**Records for this task**

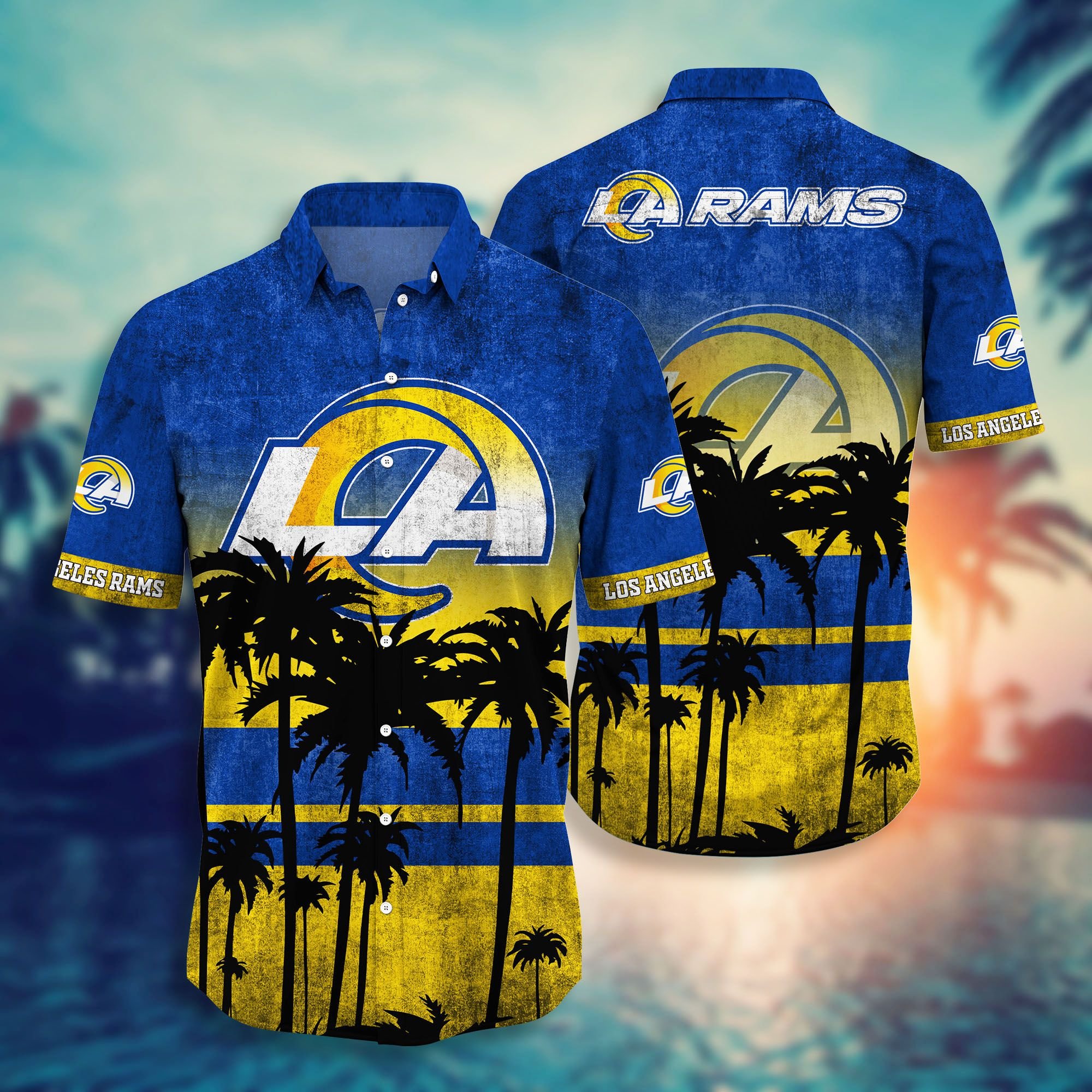 Los Angeles Rams NFL Graphic Tropical Pattern Style Summer 3D Hawaiian Shirt  And Shorts For Men And Women Gift Fans - Freedomdesign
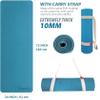 Feetlu Extra Thick Exercise Yoga Mat with Strap - 2/5 Inch (10MM), Non-Slip Workout Mat for Yoga, Pilates, and Floor Exercises(Trurkey Blue & Gray) view 2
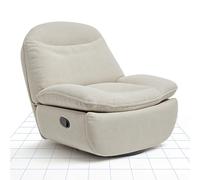 FLEXISPOT XC6 Sillón Relax, Sófa Giratorio con Función Balancín, Sillon TV con Respaldo Ajustable, Silla Reclinable para Dormitorio, Salón y Cine en Casa (Beige)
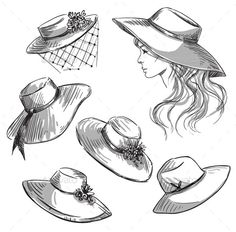 four hats with long hair are shown in black and white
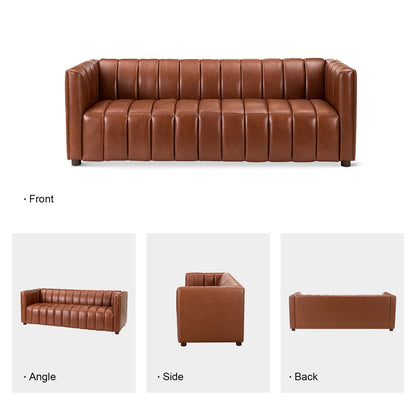 Brown leather sofa shown from front, angle, side, and back perspectives on a white background.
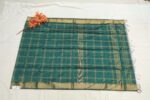 Classic Green Maheshwari Chex Saree - Image 3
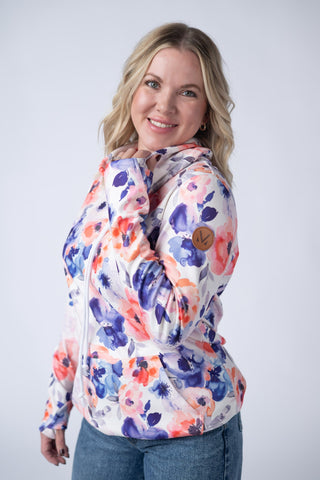 IN STOCK Soft Funnel Neck - Sunset Watercolor Floral FINAL SALE
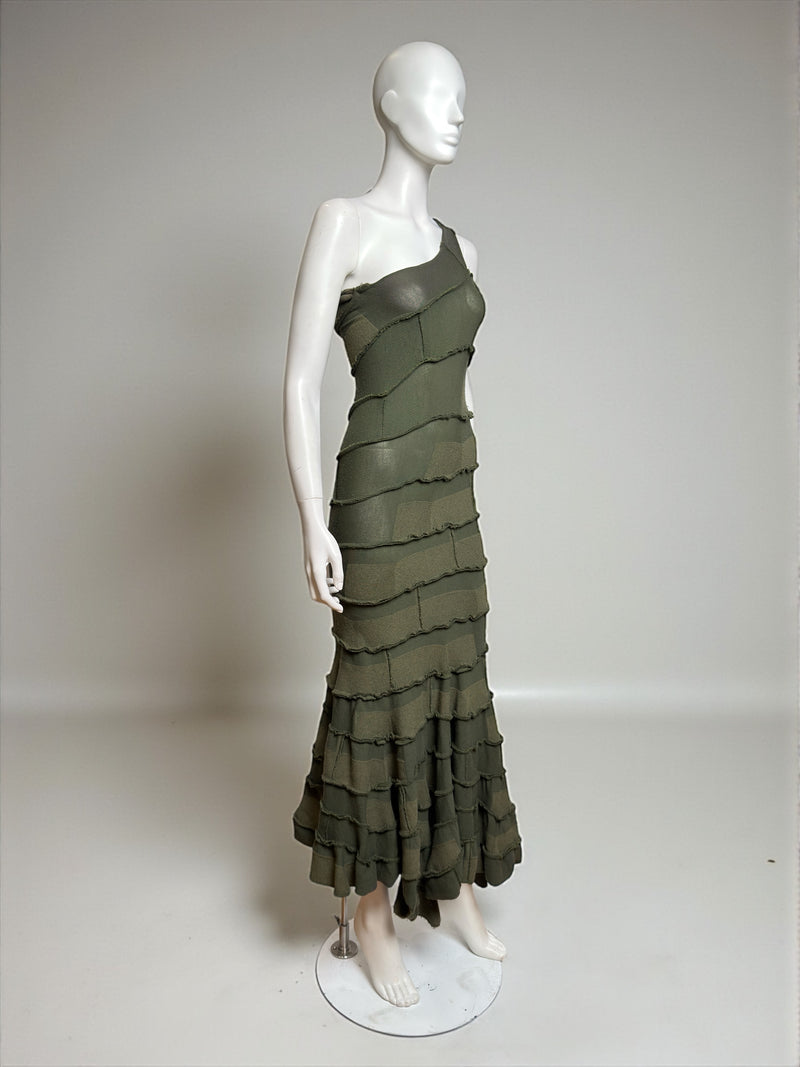 Olive tiered one-shoulder maxi dress by Junya Watanabe, F/W 2006, back view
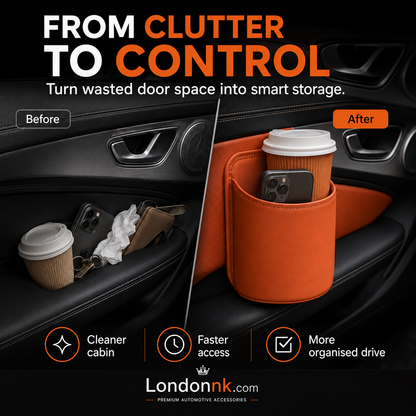⚡⚡⚡LAST 44 PCS LEFT!!! 🥳2026 HOT SALE🥳💞50K+ SOLD!🚗🧺 50% OFF! Leather Car Door Cup Holder – Wide‑mouth opening, easy reach for drinks & phone. Clip‑on secure fit. PU leather, tough & stylish. 🛡️✨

**What you have to do**
Give back the full listing word for word, with the pictures left out.

**Written response**
 Los Angeles Rams NFL Graphic Tropical Pattern Style Summer 3D Hawaiian Shirt  And Shorts For Men And Women Gift Fans - Freedomdesign
 Feetlu Extra Thick Exercise Yoga Mat with Strap - 2/5 Inch (10MM), Non-Slip Workout Mat for Yoga, Pilates, and Floor Exercises(Trurkey Blue & Gray) view 2
 FLEXISPOT XC6 Sillón Relax, Sófa Giratorio con Función Balancín, Sillon TV con Respaldo Ajustable, Silla Reclinable para Dormitorio, Salón y Cine en Casa (Beige)
 four hats with long hair are shown in black and white
 Brown leather sofa shown from front, angle, side, and back perspectives on a white background.
 Classic Green Maheshwari Chex Saree - Image 3
 IN STOCK Soft Funnel Neck - Sunset Watercolor Floral FINAL SALE
 Olive tiered one-shoulder maxi dress by Junya Watanabe, F/W 2006, back view
⚡⚡⚡LAST 44 PCS LEFT!!! 🥳2026 HOT SALE🥳💞50K+ SOLD!🚗🧺 50% OFF! Leather Car Door Cup Holder – Wide‑mouth opening, easy reach for drinks & phone. Clip‑on secure fit. PU leather, tough & stylish. 🛡️✨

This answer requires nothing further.